The Muslims of the Volga Region and the Urals, who fled to Siberia from the Bolsheviks, also declared, as the documents in the set attest, that the Bolsheviks were desecrating their religious objects and places of worship, that Muslims had therefore risen up to defend them in the name of saving their faith, that Muslims favored the establishment in Russia of a democratic system and were striving in this regard to receive guarantees of free cultural development in conformity with their specific spiritual and cultural characteristics, i.e. they were seeking recognition of their rights to cultural-national autonomy from the national government. As the documents in the set show, Muslims, both Reds and Whites, though fighting for different sides, were defending the same thing– their religious and ethnic autonomy, their traditions, their culture.

The protest-oriented attitudes among the Muslim masses stemmed primarily from the fact that the revolution under the Bolsheviks had begun to encroach on the religious sphere of their life, which was unacceptable, according to their religious notions, since it was subordinate only to the Almighty. And then prayerful cries began to be heard in the mosques for deliverance from the Bolsheviks, which also signified a wish to be delivered from the revolution in general and to create their own state.

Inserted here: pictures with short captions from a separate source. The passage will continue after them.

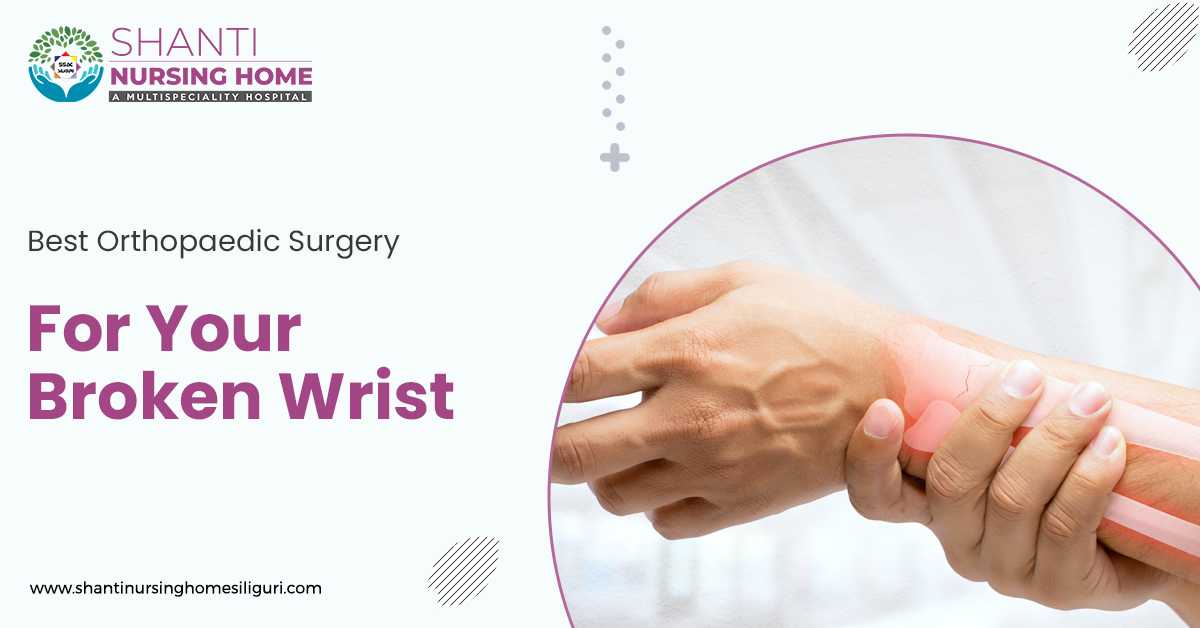 Best Orthopaedic Surgery For Your Broken Wrist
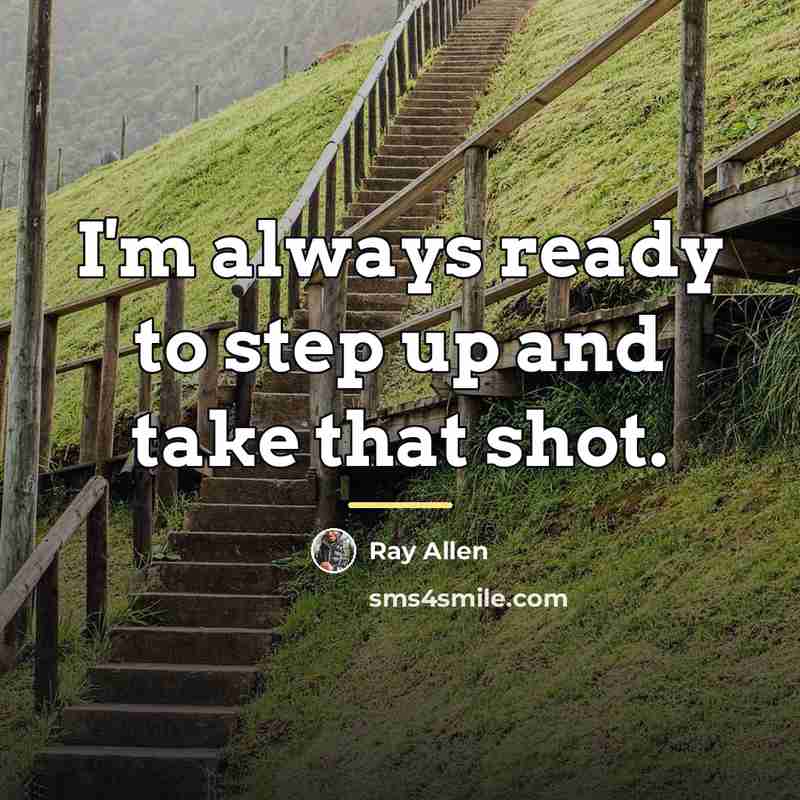 “I'm always ready to step up and take that shot.…” quote by Ray Allen
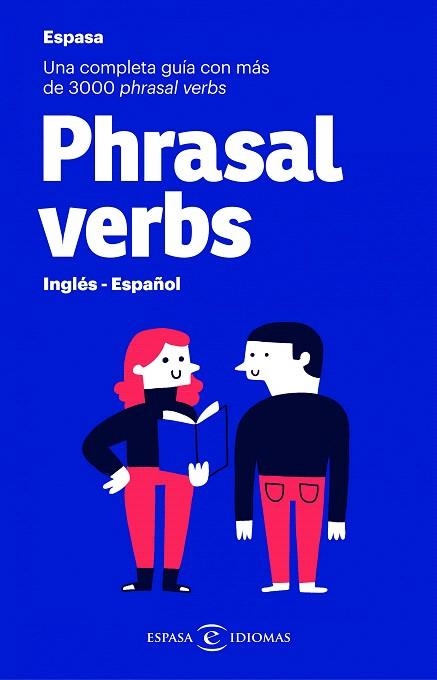 PHRASAL VERBS. (INGLÉS - ESPAÑOL) | 9788467054460 | ESPASA CALPE | Llibreria Drac - Librería de Olot | Comprar libros en catalán y castellano online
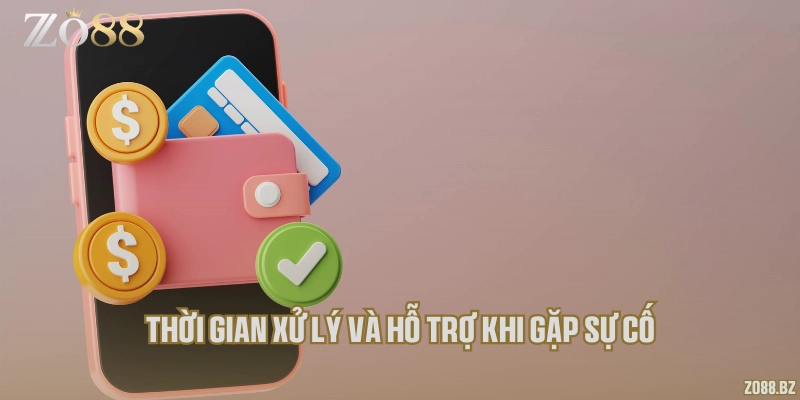 Thời gian xử lý và hỗ trợ khi gặp sự cố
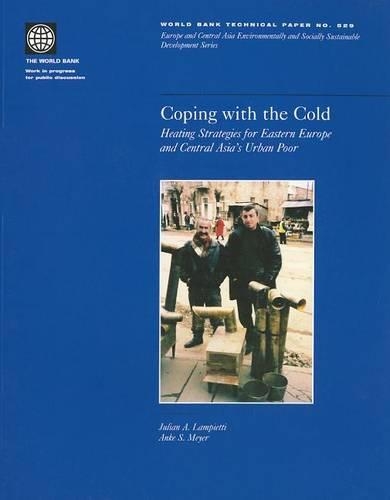 Coping with the Cold: Heating Strategies for Eastern Europe and Central Asia's Urban Poor - World Bank Technical Paper: Europe & Central Asia Environmentally & Socially Sustainable Development No. 529 (Paperback)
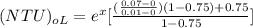 (NTU)_{oL} = e^x [\frac{(\frac{0.07-0 }{0.01-0 })(1-0.75)+0.75 }{1-0.75} ]
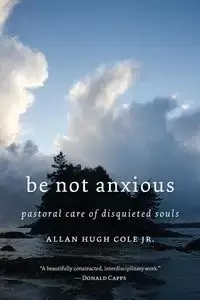 Be Not Anxious - Cole Allan Hugh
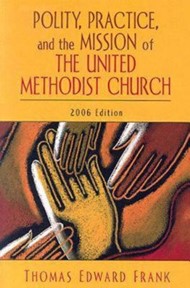 Polity, Practice, and the Mission of The United Methodist Ch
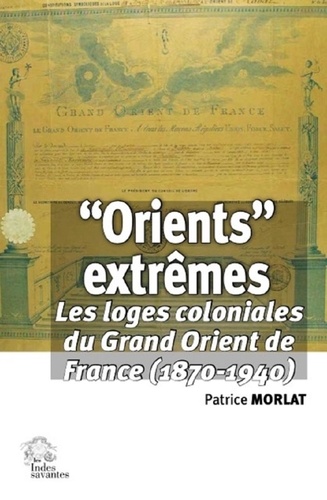 "Orients" extrêmes. Les loges coloniales du Grand Orient de France (1870-1940)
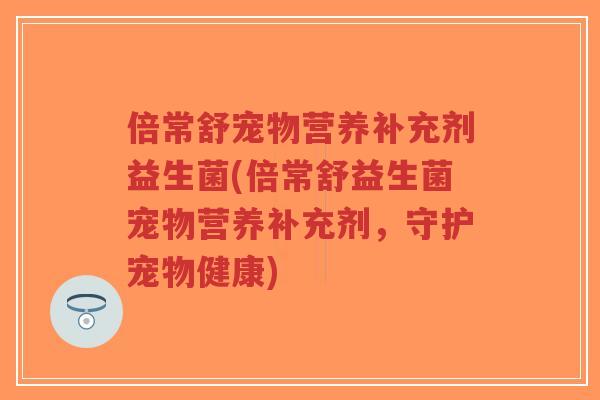 倍常舒宠物营养补充剂益生菌(倍常舒益生菌宠物营养补充剂,守护宠物健康)-第1张图片-超越 倍常舒宠物营养补充剂益生菌(倍常舒益生菌宠物营养补充剂,守护宠物健康)-第1张图片-超越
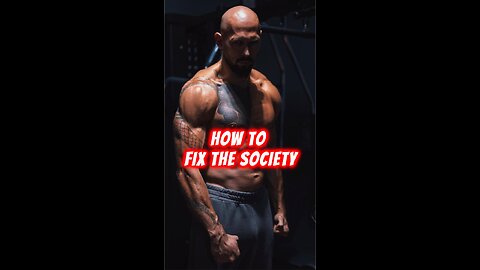 How to fix the society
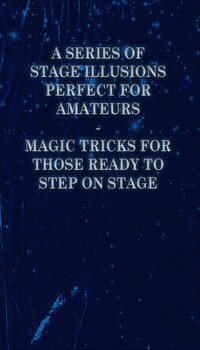 Omslagafbeelding: A Series of Stage Illusions Perfect for Amateurs - Magic Tricks for Those Ready to Step on Stage 9781446524589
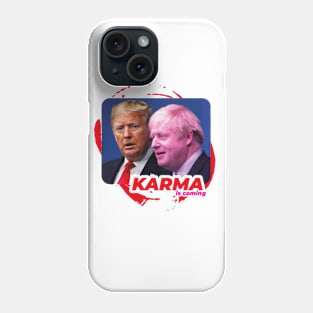 Karma Trump Jhonson Phone Case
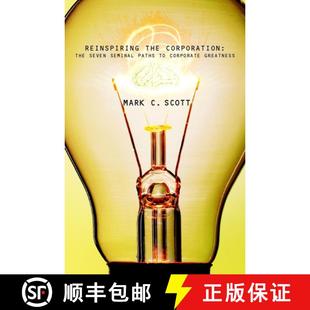 【3-4周达】Reinspiring The Corporation - The Seven Seminal Paths To Corporate Greatness [Wiley经管] [9780471485452]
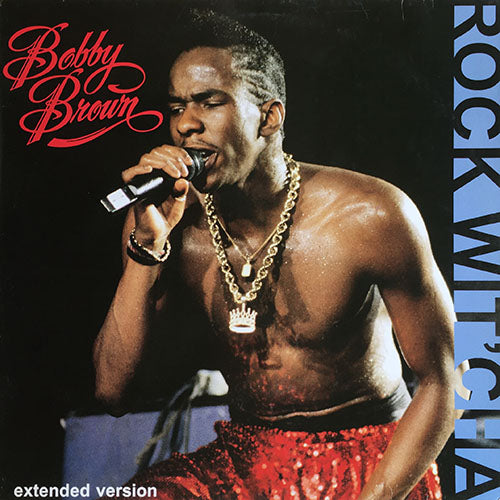 BOBBY BROWN // ROCK WIT'CHA (EXTENDED VERSION) (5:36) / (7" VERSION) (4:20) / SEVENTEEN (4:15)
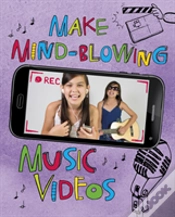 Capa do artigo Make Mind Blowing Music Videos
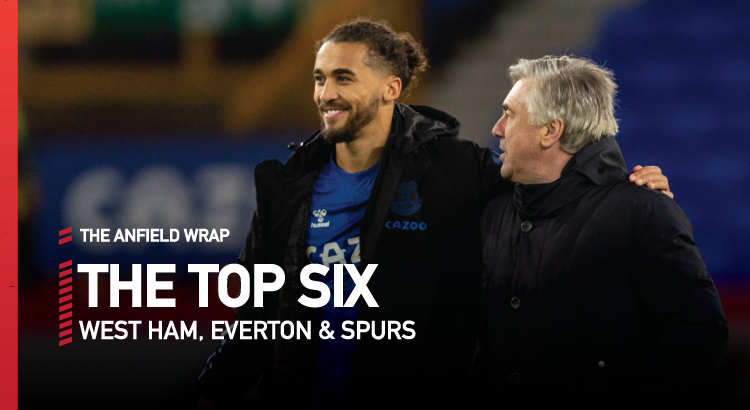 West Ham, Everton & Tottenham | Top Six Show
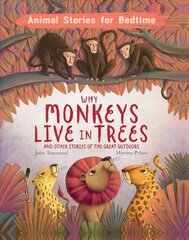 Why Monkeys Live In Trees and Other Animal Stories of the Great Outdoors Illustrated edition hind ja info | Noortekirjandus | kaup24.ee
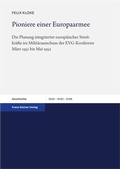 Abbildung von: Pioniere einer Europaarmee - Franz Steiner Verlag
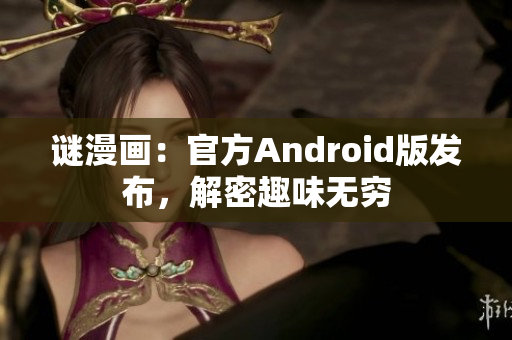 谜漫画：官方Android版发布，解密趣味无穷
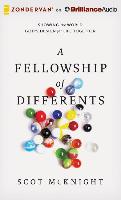 A Fellowship of Differents: Showing the World God's Design for Life Together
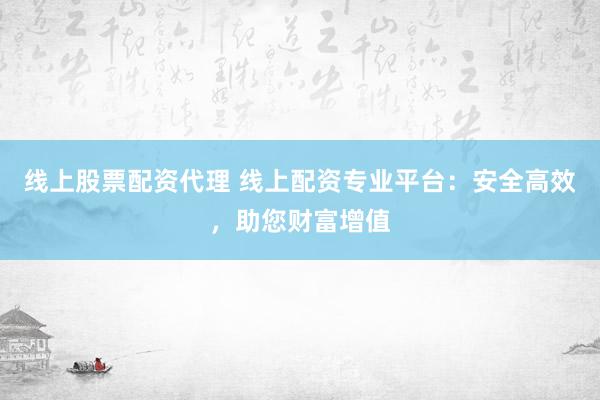 线上股票配资代理 线上配资专业平台：安全高效，助您财富增值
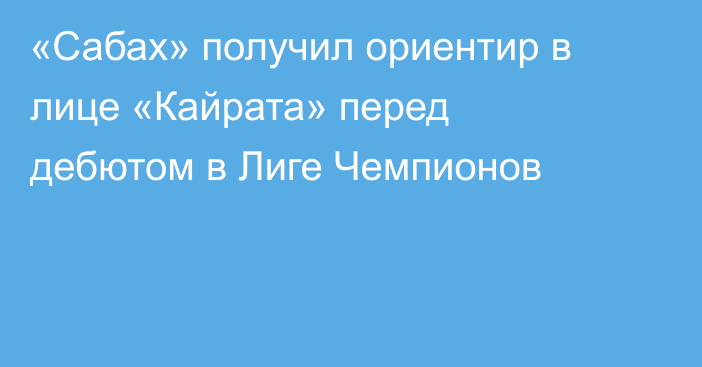«Сабах» получил ориентир в лице «Кайрата» перед дебютом в Лиге Чемпионов
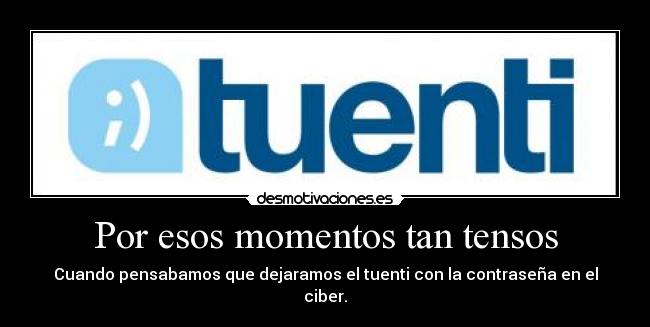 Por esos momentos tan tensos -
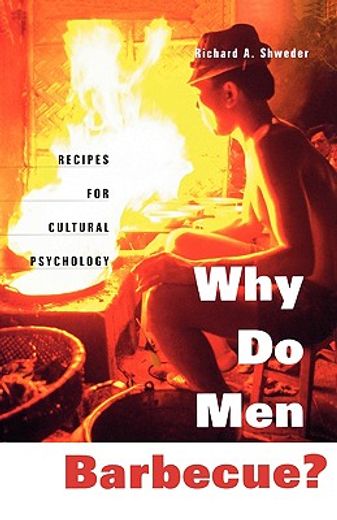 why do men barbecue?,recipes for cultural psychology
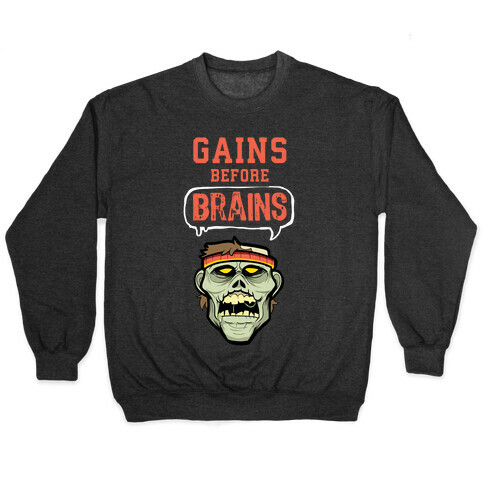 GAINS before BRAINS! Pullover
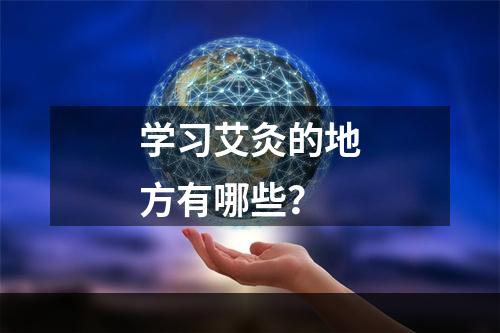 学习艾灸的地方有哪些？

These documents depict, for the first time, the unknown circumstances of the origin and fall of the young states that sprang up in the Muslim lands and their relations with representatives of the governments of Europe and the United States. There is still extreme confusion in current historiography surrounding the question of how the victorious countries regarded the aspirations of the Muslim peoples of European Russia and Siberia, the Caucasus, Crimea and Turkestan, who created their own states in the postimperial territories during the civil war. There has been even less study of the topic of what plans were put forth and how negotiations proceeded on this issue between Western politicians and Muslim diplomats – all this needs a special inquiry. These documents make it possible to move forward significantly in the study of these extremely important and complex questions.

The contacts of Muslim diplomats with European and American diplomats and statesmen actively began in 1918 as a result of the Soviet leadership’s actual policy toward the aspiration of the Muslim peoples for self-determination.

In early 1918 two representatives in Switzerland of the People’s Council of Autonomous Turkestan (the parliament) contacted the President of the United States, Woodrow Wilson, after his famous speech on 8 January 1918 to the American Congress and made a request to the American people to defend the right of the Muslim peoples of Central Asia to self-determination.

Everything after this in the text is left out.